_Problem description_
Make an exact copy of the lines from the one holding "Дом с 3 спальнями" through the end of the entries below, both ends kept, and of nothing else. Exclude pictures.

_Data provided_
################

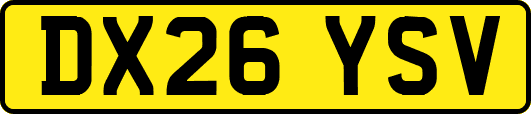 DX26YSV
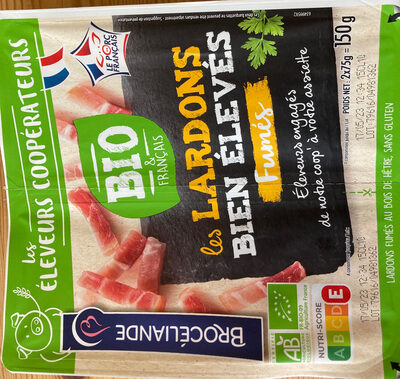 LARDONS FUMES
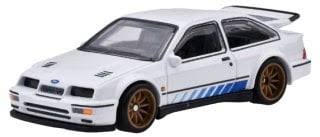 Hot Wheels Car Culture ''87 Ford Sierra Cosworth Canyon Warriors 2/5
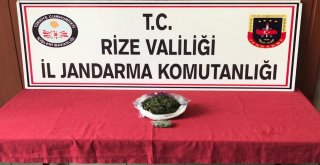 Rizede Kaçakçılara Geçit Yok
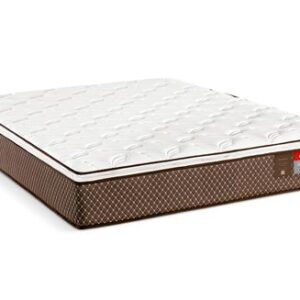 COLCHAO QUEEN SIZE EVOLUTION MOLAS ENSACADAS 1.58 X 1.98 X 0.32 (RECONFLEX) - Imagem 1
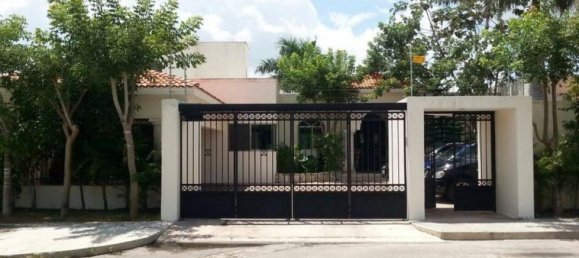 Дом с 3 спальнями в Мерида, Мексика № 178380 2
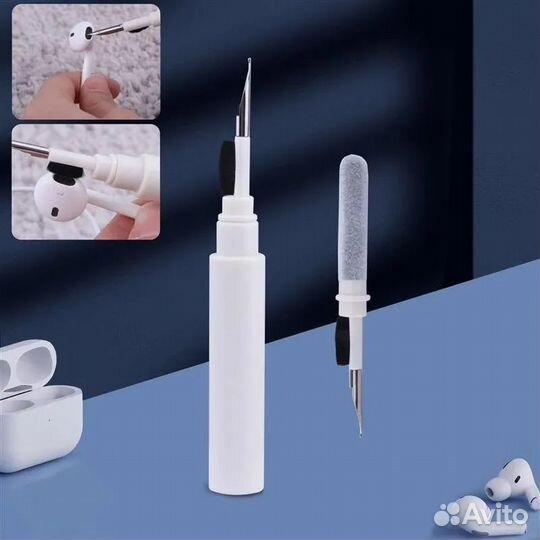 Набор для чистки наушников Airpods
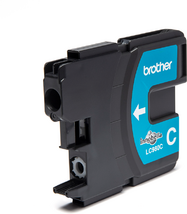 Brother LC-980C Cyan (Ciánkék) eredeti tintapatron (LC980C)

################

_The answer_
 Дом с 3 спальнями в Мерида, Мексика № 178380 2
 Набор для чистки наушников Airpods
 Brother LC-980C Cyan (Ciánkék) eredeti tintapatron (LC980C)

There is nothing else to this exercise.